The most frustrating aspect of regular expressions is that implementations vary. Features supported in one tool may not be supported at all in another tool, or they may be supported with slightly different syntax.

I learned regular expressions in the context Perl, a maximalist regex environment. This led to frustration when features I expect to work are missing [1]. One way around this is to use Perl analogs of other tools, but this is very non-standard. I want to be able to send colleagues and clients code that works out of the box.

As I mentioned in my post on computational survivalism, I occasionally need to work on computers that I cannot install software on.
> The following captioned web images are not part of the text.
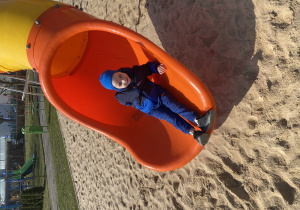 Chłopiec zjeżdża ze zjeżdżalni.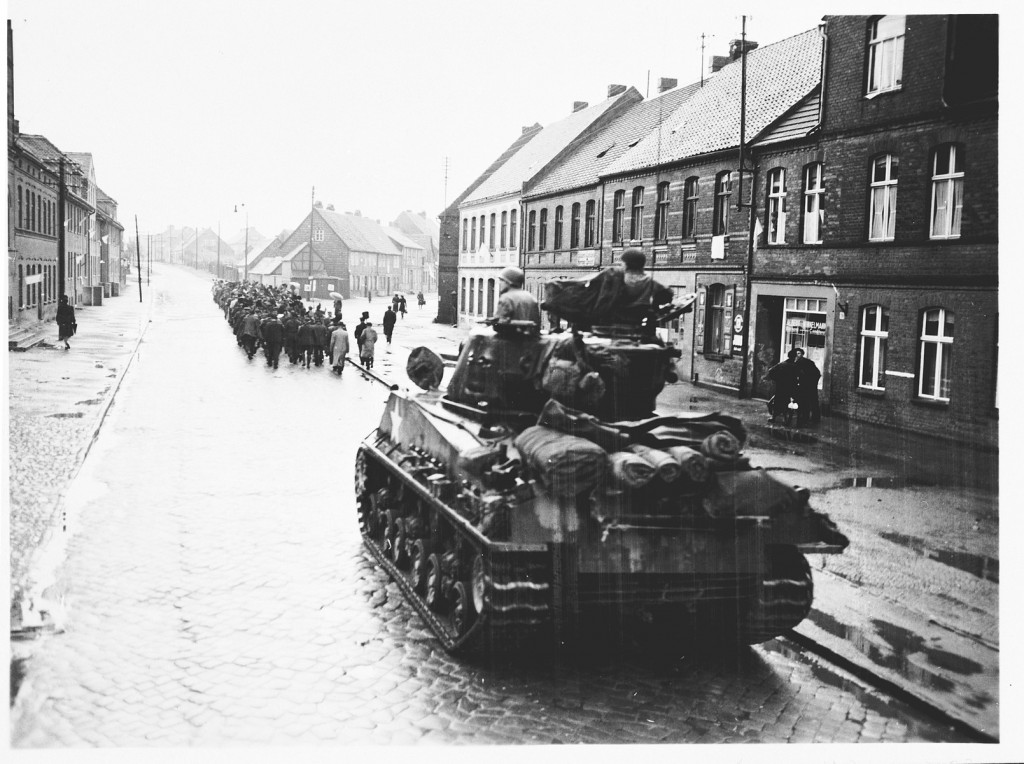 An American tank follows German civilians from Gardelegen who are marching to a barn just outside the town, where they will dig graves ... [LCID: 81374]
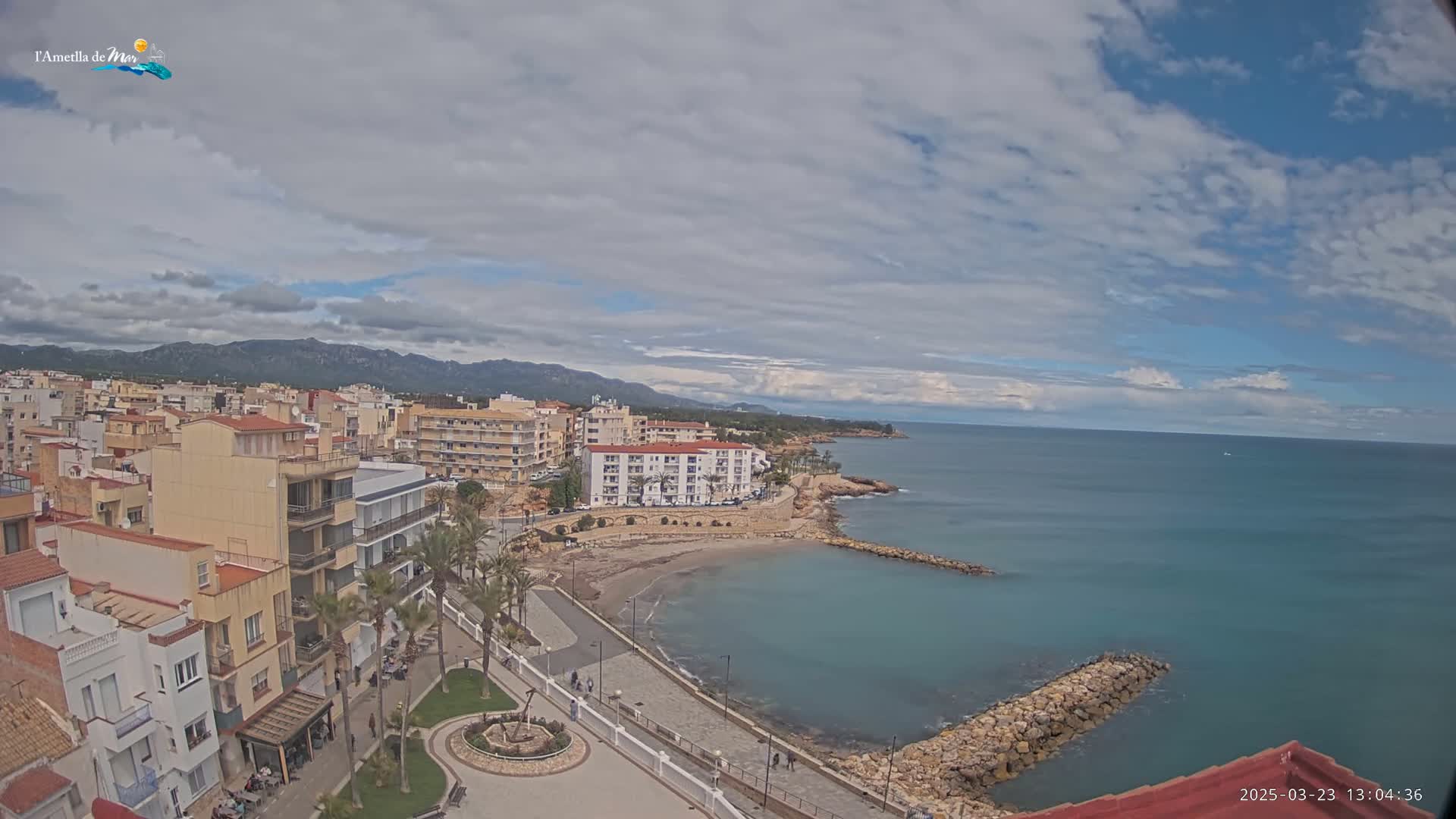 A partly cloudy day reveals a coastal town with buildings, a small beach, and a calm sea under a mostly cloudy sky, with mountains visible in the distance.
So a better approach is to identify a subset of regex features that work everywhere. The stricter your definition of “everywhere” the less this includes. The strictest subset would be

literals
character classes […]
the special characters . * ^ $

A more relaxed definition of “everywhere” would be the tools you most care about. Currently the tools I most want to use with regular expressions are sed, awk, grep, and Emacs.

Awk as lowest common denominator

If you use the Gnu versions of sed, awk, and grep, and use the -E option with sed and grep, then the list of common features is bigger. The regular expression features of the three tools are similar, and awk’s features are supported in the other tools, with one exception: word boundaries in awk are \< and \> rather than \b and \B.

I wrote about Awk’s regex features here.

Emacs as the oddball

Emacs supports analogs of most of awk’s regex features. However, the characters

    + ? ( ) { } |

all require a backslash in front in order to act like the awk counterparts. Also, the analog of \s and \S in awk is \s- and \S- in Emacs.

Instead of meaning space or nonspace, \s and \S in Emacs begin a (negated) character class, and one of those classes is - for space. But there are many others. For example, \s. stands for a punctuation character and \S. stands for a non-punctuation character.

What works everywhere

So for my definition of “everywhere,” with the caveats mentioned above, the following features work everywhere. YMMV.

    .
    ^, $
    […], [^…]
    *
    \w, \W, \s, \S
    \1 - \9 backreferences
    \b \B
    ? + 
    | alternation
    {n,m} for counting matches
    (...) capturing

One footnote is that gawk supports backreferences in replacement strings but not in regular expressions per se.

[1] To some extent, basic Perl features work elsewhere and advanced features do not, depending on your idea of what is basic or advanced. I think of look-around features as advanced, and that tracks. But I think of \d for digits as basic, but that’s not supported in many regex flavors.